╔══

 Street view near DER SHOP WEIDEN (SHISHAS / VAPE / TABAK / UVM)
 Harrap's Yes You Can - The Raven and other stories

╚══
╔══

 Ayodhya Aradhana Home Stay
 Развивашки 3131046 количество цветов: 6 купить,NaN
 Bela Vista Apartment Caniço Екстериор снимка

╚══

#### [INSTRUCTIONS FOR THE TASK]
After locating the line with "Ayodhya Aradhana Home Stay" above, return that line and every later line through the one with "Bela Vista Apartment Caniço Екстериор снимка", word for word and with nothing else.

#### [RESPONSE BOX]
 Ayodhya Aradhana Home Stay
 Развивашки 3131046 количество цветов: 6 купить,NaN
 Bela Vista Apartment Caniço Екстериор снимка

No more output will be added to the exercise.